## What to do
Take the line containing "Girls' Black Long-Sleeve Unicorn Graphic Tee" and all lines after it, through the end of the material, and repeat them exactly, pictures left out.

## Records to process
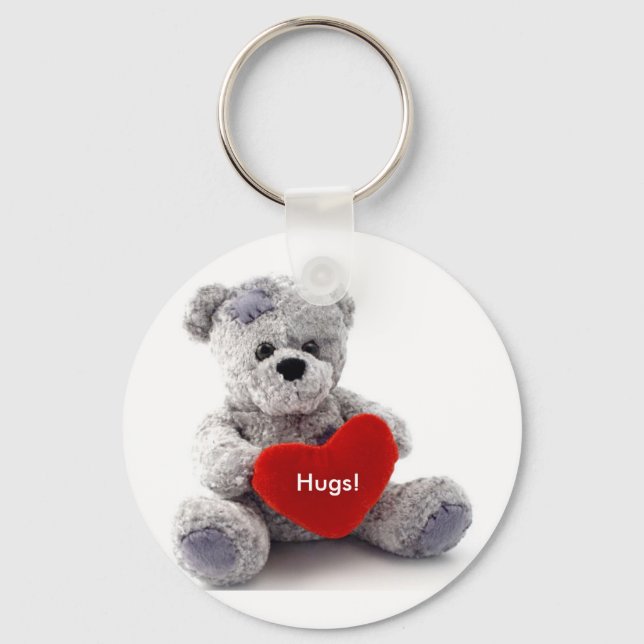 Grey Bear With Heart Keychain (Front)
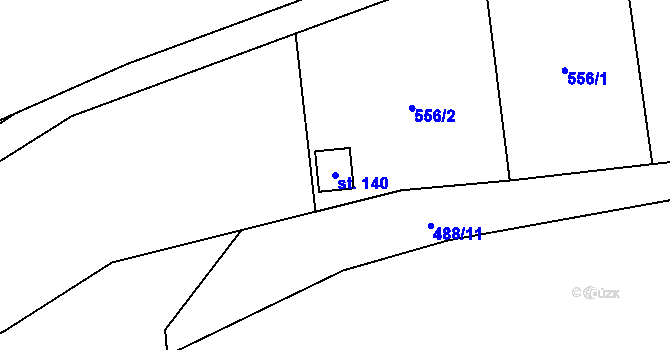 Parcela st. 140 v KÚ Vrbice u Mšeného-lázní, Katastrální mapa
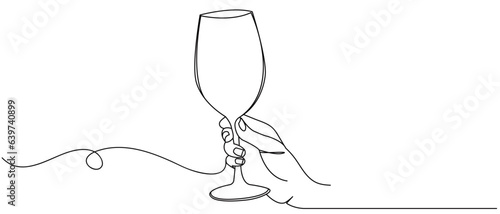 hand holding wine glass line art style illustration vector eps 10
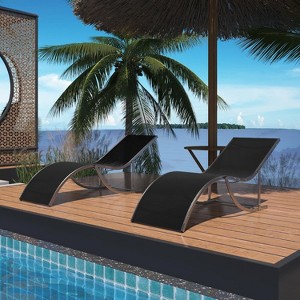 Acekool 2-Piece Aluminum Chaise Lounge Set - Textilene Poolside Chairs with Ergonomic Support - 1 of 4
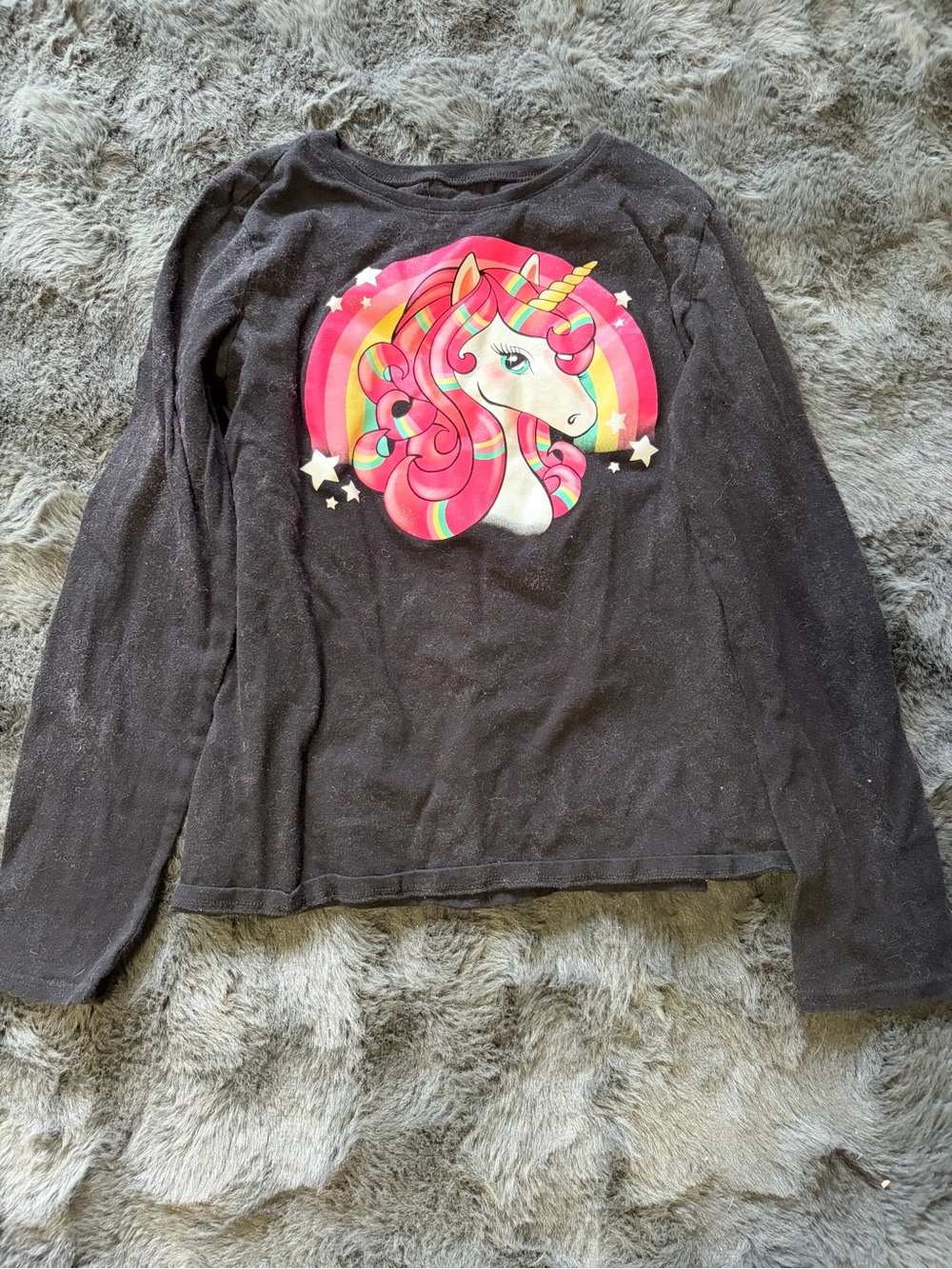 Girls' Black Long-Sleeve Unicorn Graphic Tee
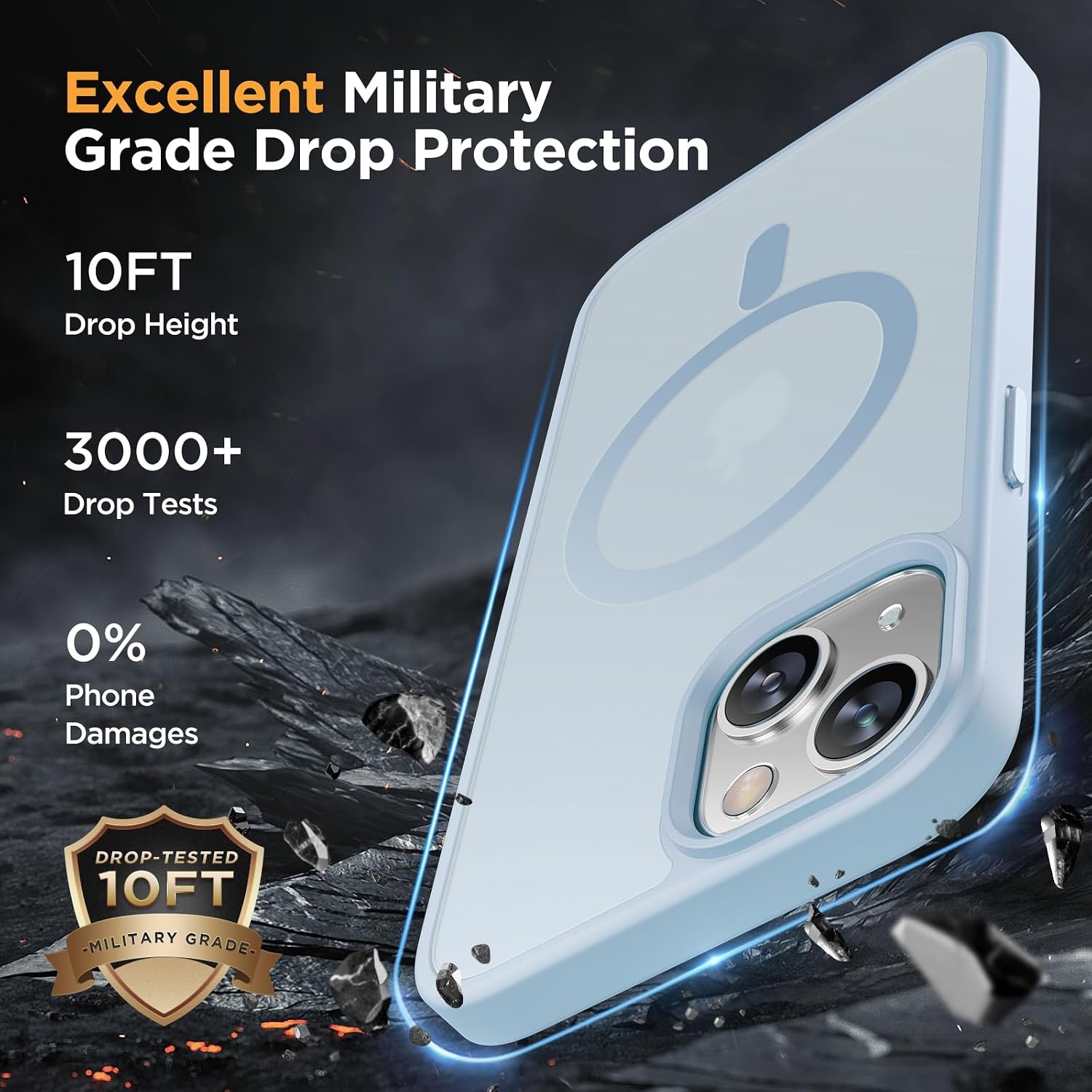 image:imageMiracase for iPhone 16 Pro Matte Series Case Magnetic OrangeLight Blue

## Reply
 Girls' Black Long-Sleeve Unicorn Graphic Tee
 image:imageMiracase for iPhone 16 Pro Matte Series Case Magnetic OrangeLight Blue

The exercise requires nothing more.